On Saturday the reggae outfit staged an exciting show at The Mannenberg and NewsDay’s Simbarashe Manhango (ND) caught up with the crew after the gig to get more light on its endeavours.
ND: What is in the name Transit Crew?
TC: The name Transit Crew is deeply rooted in the Rastafarian ideology that we are not here at (Mount Zion) to stay forever, but we always in transit (Rastafarian movement). The pioneers of the crew came from various countries such as the United Kingdom, the States, Norway and South Africa, hence that is where the concept Transit was derived. The band was formed in 1988.
SM: A band formed in 1988! Where have you been hiding, people don’t know a lot about you?
TC: After producing our debut album, Sounds Playing in 1988 we began our 10 years of touring the world. In 1991 we were in Japan for two years and attended the World Music Festival; we spent six months in South Africa and the rest of our eight years in the United Kingdom and the States.

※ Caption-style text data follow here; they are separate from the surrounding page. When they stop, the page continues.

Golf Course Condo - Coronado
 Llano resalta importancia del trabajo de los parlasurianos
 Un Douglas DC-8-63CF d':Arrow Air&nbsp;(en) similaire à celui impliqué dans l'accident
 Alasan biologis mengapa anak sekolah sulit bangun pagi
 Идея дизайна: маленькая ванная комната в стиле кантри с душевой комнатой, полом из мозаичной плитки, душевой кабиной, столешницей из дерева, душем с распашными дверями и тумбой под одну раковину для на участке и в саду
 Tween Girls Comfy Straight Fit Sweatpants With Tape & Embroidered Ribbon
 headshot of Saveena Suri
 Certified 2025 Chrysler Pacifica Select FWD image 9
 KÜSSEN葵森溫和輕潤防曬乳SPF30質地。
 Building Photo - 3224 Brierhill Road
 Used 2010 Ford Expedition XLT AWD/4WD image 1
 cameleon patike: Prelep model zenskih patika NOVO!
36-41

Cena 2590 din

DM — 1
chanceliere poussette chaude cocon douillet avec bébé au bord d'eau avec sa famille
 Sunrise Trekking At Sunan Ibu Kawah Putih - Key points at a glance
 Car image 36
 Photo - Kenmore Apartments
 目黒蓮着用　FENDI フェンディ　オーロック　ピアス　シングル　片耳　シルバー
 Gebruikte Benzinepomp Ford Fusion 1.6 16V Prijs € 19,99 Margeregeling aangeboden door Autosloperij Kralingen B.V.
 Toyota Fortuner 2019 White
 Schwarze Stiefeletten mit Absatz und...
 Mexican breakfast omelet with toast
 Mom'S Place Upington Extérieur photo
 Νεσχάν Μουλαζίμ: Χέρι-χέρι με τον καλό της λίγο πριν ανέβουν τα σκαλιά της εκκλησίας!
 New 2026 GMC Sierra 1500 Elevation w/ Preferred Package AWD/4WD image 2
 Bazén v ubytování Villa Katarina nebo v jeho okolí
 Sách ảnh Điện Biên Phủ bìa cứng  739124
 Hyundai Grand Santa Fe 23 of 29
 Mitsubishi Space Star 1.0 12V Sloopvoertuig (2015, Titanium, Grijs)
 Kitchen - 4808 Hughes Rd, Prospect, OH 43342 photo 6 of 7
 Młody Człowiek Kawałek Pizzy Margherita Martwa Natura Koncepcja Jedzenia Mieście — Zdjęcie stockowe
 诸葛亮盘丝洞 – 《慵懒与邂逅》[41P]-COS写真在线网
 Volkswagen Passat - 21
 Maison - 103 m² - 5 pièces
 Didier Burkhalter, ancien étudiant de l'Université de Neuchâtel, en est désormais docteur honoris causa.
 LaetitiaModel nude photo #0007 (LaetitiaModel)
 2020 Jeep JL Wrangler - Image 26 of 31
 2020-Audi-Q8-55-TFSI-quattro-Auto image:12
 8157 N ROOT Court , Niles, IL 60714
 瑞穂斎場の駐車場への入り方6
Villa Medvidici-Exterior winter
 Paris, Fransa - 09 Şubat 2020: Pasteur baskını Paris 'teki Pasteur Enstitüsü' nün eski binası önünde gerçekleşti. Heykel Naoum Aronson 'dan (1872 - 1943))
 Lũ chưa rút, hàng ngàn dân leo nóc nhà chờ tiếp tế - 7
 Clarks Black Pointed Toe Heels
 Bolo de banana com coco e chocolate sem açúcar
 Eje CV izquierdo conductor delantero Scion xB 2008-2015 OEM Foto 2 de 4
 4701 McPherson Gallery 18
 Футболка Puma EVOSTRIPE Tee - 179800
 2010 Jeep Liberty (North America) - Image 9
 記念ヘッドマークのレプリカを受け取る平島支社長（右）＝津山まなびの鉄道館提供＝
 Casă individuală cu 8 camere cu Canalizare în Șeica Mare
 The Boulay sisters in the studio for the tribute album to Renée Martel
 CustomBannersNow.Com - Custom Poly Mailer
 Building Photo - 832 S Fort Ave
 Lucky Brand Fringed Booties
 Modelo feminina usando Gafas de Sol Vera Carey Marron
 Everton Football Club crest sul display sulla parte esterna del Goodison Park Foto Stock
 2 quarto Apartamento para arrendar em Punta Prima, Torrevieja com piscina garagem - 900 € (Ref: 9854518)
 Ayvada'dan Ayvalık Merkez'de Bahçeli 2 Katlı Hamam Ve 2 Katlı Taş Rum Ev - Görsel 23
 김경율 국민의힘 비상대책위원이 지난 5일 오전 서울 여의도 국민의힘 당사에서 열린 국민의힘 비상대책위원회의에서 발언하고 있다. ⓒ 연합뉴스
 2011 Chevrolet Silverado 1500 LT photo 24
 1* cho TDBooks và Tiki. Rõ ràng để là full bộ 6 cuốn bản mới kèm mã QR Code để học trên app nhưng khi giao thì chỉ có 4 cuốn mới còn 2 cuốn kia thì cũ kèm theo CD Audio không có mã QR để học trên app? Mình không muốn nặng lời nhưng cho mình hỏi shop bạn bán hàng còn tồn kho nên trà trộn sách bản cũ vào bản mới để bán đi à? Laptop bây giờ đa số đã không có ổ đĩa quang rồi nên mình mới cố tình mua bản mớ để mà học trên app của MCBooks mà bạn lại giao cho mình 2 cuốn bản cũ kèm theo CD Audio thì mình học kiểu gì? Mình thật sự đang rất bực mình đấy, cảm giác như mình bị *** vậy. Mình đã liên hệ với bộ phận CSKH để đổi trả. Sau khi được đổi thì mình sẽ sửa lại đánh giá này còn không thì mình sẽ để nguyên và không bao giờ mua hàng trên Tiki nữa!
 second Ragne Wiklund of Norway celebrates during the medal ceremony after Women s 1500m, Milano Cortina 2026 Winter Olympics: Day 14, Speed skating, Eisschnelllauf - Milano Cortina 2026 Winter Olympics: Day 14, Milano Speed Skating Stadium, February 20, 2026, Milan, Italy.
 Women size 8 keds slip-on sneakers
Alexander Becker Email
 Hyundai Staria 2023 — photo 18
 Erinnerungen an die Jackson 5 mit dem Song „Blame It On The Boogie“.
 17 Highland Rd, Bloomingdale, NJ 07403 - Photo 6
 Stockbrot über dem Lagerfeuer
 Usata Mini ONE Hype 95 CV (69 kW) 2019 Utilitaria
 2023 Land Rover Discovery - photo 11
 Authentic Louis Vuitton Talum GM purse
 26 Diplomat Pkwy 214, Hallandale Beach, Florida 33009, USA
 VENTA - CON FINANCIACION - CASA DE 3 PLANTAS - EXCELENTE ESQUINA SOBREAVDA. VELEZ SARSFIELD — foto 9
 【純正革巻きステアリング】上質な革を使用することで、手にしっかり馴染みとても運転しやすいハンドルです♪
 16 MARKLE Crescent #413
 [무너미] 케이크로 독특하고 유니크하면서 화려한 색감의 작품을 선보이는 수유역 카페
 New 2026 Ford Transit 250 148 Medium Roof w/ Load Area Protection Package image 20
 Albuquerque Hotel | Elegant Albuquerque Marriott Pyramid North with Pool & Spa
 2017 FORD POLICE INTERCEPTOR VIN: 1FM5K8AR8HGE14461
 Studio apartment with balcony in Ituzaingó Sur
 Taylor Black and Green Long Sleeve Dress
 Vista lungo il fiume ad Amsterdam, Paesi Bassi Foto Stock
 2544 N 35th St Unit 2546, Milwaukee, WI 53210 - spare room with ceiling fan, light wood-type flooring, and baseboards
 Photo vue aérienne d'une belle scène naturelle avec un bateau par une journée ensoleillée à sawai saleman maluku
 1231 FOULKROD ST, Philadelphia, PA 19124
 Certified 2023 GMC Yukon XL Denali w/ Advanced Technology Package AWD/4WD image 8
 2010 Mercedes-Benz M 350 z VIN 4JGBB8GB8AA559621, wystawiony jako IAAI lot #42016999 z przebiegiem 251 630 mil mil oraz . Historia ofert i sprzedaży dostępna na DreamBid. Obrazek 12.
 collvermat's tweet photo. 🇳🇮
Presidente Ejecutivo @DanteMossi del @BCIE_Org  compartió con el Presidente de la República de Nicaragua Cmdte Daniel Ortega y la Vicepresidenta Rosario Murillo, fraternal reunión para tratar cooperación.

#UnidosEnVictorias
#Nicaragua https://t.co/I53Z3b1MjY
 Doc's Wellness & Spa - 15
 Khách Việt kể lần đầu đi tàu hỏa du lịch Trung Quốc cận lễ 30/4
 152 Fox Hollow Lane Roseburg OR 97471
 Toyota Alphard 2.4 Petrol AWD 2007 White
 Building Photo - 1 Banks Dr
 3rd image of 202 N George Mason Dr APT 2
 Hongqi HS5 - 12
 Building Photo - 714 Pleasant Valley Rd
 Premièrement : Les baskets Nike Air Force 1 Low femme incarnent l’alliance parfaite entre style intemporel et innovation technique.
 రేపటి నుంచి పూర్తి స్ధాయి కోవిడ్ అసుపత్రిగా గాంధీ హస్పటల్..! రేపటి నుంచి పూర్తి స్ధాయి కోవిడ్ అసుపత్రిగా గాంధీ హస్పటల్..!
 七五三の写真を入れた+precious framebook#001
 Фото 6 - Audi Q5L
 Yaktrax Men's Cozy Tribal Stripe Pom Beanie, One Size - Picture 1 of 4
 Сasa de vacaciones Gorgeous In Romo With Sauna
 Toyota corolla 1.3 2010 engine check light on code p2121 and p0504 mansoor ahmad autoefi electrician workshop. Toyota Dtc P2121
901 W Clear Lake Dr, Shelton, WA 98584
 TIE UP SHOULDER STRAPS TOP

So you can actually see that we are in transit and not here to stay.
SM: Whose initiative was it to come up with such the crew?
TC: The idea came from the late Culture T (Tendai Gamure) and Joseph “Munya” Brown, who is now based in the UK, Jerry Emmanuel (Mozambique) who is also late and Emmanuel Jacobs (now in South Africa).
SM: The names of the band members and who does what?
TC: The crew is composed of eight members. On vocals, Mannex (Emmanuel Motsi), J Farai (Jeffrey Sithole), Mann Chaza (Rungano Zinyengere), Josh (Joshua Penga) the drummer, on the keyboards we have Liber (Antony Amony), Jairos Hambahamba, Nicholas Zindi (lead guitar) and Bassy (Munyaradzi Nyemba) on bass guitar.
SM: What is unique about your sound and how do you classify your music?
TC: Transit Crew is a sound infusing the cream of Jamaican music into Zimbabwe reggae and our outfit plays strictly conscious reggae and not hard-core.
SM: Transit Crew has gained a huge fan base through live performances, how has this helped you as a crew and influenced your projects?
TC: Most importantly, we have gained exposure and have managed to make money to elevate the band, as well as meeting famous personalities in reggae circles. Audience maturity is also a benefit.
SM: What change would you want to see in reggae music in Zimbabwe?
TC: We want to see reggae music grow in Zimbabwe and see how collaborative we can be with other musicians. We are working on doing more songs in vernacular languages so that reggae music is accepted.
SM: Any artists that you have worked with locally and internationally?
TC: Internationally we have worked with so many artists here in Zim; we backed Luciano and Sizzla Kalonji; we played with Eric Donaldson and Joseph Hill. That kind of endorsement is great. Imagine Luciano travelling all the way from Kingston without his band knowing that we could back him.
SM: What should your fans look out for in the year 2011?
TC: Definitely we have our fifth album coming up. Hopefully by mid-June or July it should be intact. We always want to do the best we can so we take our time.